Are you sitting comfortably? Do you have a couple of biscuits at hand and a mug of tea? Okay then, My Dear Reader Chum (as Miranda Hart would say), let’s talk about Is It Just Me?
In this day and age we have twenty four hour access to videos of talking dogs on the internet and comedy films and TV series available for us to watch on our smart phones/tablets/laptops on the train to work when you are supposed to be reading over that report your boss gave you last week. It can sometimes be difficult for the written word alone to make us laugh. Miranda Hart manages it effortlessly in her new book: Is It Just Me? Her autobiography is so animated that you can almost see her walking through a restaurant with toilet paper trailing from one of her shoes without the need of a TV screen. If you are a fan of her TV series then you will already know that she is a comic genius. If you are not a fan then I still urge you to read this book as her sparkling anecdotes come to life in ink form.
Don’t get me wrong, the TV character of Miranda is still present throughout. If you have watched the series then you will know that every episode includes conversations with us, her ‘chums’, and her book is no exception. It is a technique which she uses to her advantage, drawing you into her chaotic world. However the real Miranda surfaces from underneath through her honest confessions about her real life off the screen. She travels back in time to her school days, an awkward time for anyone, let alone for an ungainly teenage girl. We can start to see why Miranda’s awkwardness began. Growing up in an all-girl boarding school where it was common knowledge that you could get pregnant by sitting on a rugby ball (you can’t by the way!) it is no wonder that her life is so full of mishaps. She says herself that life has ‘a tendency to throw up difficulties’ and is it just me or is she right? Who hasn’t had an awful date or humiliated themselves at a family reunion? By writing what she likes to call her ‘Miran-ual’ Miranda tells tales of pure embarrassment that will have you in stitches, proving that no matter what situation you find yourself in you can always laugh about it later. Through the nature of her misfortunes she asks us whether it is just her in the world who manages to find herself in awkward situations at least once a day.

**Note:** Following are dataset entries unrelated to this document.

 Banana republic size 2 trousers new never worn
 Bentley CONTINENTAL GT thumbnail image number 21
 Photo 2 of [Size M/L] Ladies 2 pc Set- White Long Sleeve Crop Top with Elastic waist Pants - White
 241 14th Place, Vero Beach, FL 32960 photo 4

Some of the events that take place in the book are repeated in the TV series, yet she manages to shed new light on them. Her book becomes more about her musings on life than it is an autobiography as she explores each event and asks: why exactly is this embarrassing and why can’t life just be simpler? If you have watched the TV series you will know that she defies her mother’s snobbish behaviour and refuses to run with society’s common belief that a woman’s aim in life is to get married. These beliefs burst onto the page in the form of female empowerment. She describes the main events in her adult life through imagined conversations with her 18 year old self who had all these dreams and ambitions of getting married and having a respectable job such as a lawyer or doctor. She imagines that her younger self would call her a loser for not yet being Prime Minister but replies that she wouldn’t change a thing; that deep down she’s always wanted to be a comedienne, even if it’s not the most respected of professions, and that even now at the age of 38 she still doesn’t feel ready to settle down. She has got to the nub (great word, nub) of life: who wouldn’t want to go back in time and tell their former self that life isn’t going to be exactly what you think… In fact, it is going to be even better!

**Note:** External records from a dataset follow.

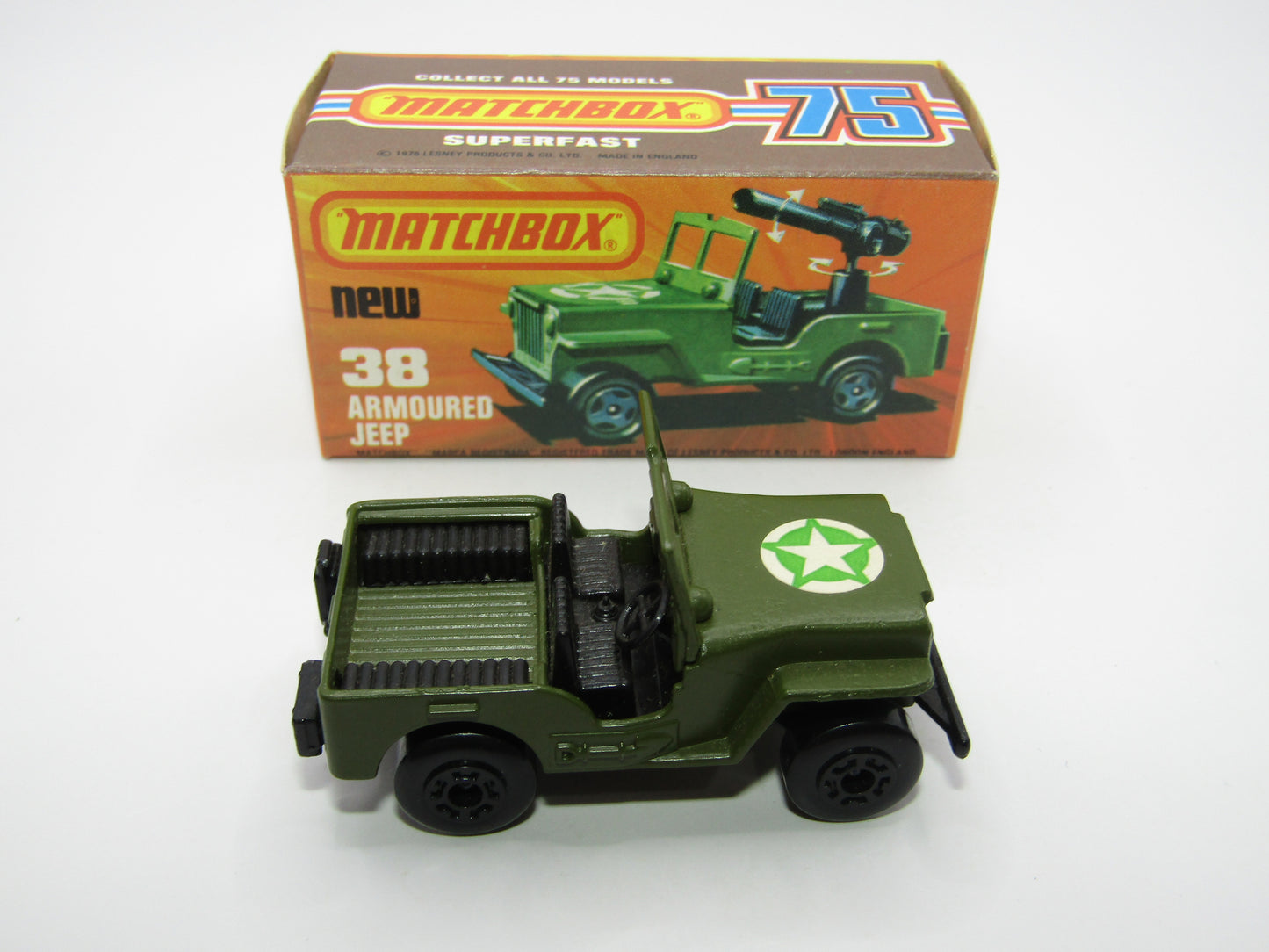 Matchbox Superfast No 38C Armoured Jeep Bright Green Star GLOSS Black Base
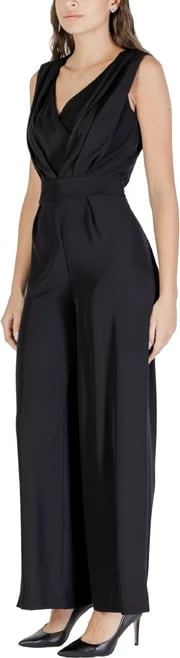 Kominoshe Rinascimento femra, e zezë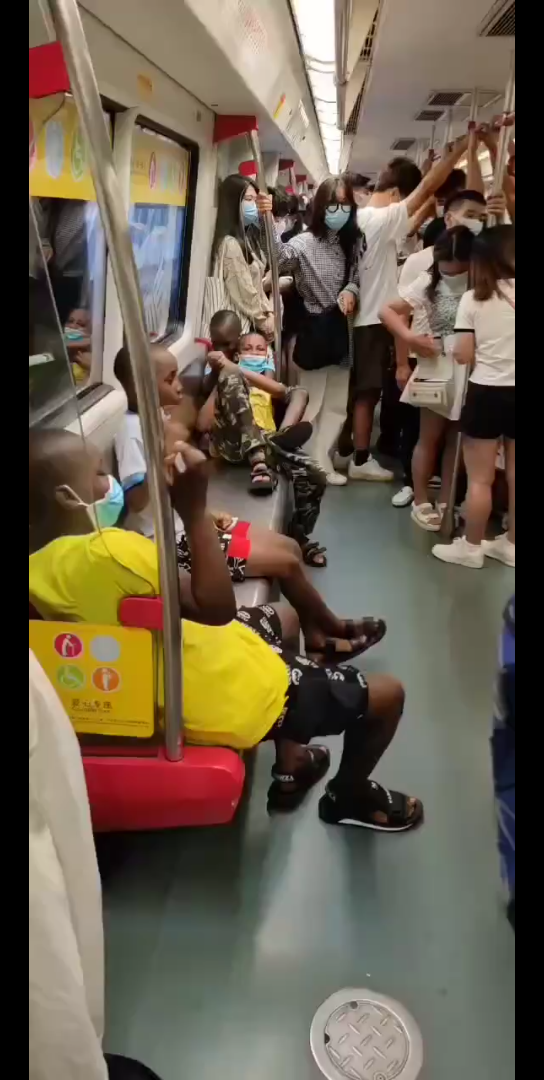广东黑人地铁图片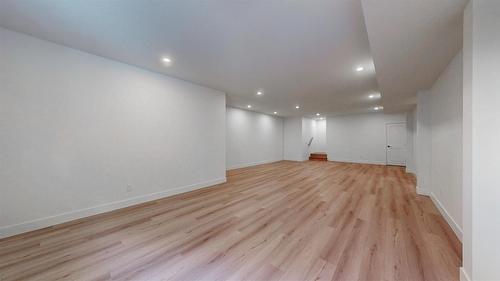 427 Wildstone Close, Cranbrook, BC - Indoor Photo Showing Other Room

Separate to the serious elements of the book, the events are retold in a light-hearted nature and appeal to the humanness in all of us, for as the saying goes we do all make mistakes. It is a great book to have around if you have had a bad day at the office or, just an example, if you walked around for an hour today with your skirt tucked into your knickers and nobody had the common decency to tell you (certainly did not happen to me… Yes it did). Miranda highlights the fact that we can all feel alone in the ridiculous moments life throws in our way, but this embarrassment is actually what brings us closer together. We all feel it, so why do we keep running and hiding from it?
Although it’s easy to relate to her on this level, sometimes the events in Miranda’s life are so farfetched that you start to wonder whether they are true. That just made me sit back and think more about all of the strange things that have happened to me and that if I did write them down no one would ever believe me in a million years. I think we all need to be a bit more like Miranda in life. I don’t suggest we should all make a TV series or write down all of the cringe worthy experiences that we’ve had in our lives (for me that would take up more time than I actually have). Instead, when life gives us lemons we just need to sit down - making sure there is actually a chair there first - and laugh, then repeat after Miranda: ‘life, eh?’
I suggest you gallop off to your nearest bookstore right now and buy a copy of Miranda Hart’s Is It Just Me? as you are guaranteed plenty of laughs. A great gift this Christmas!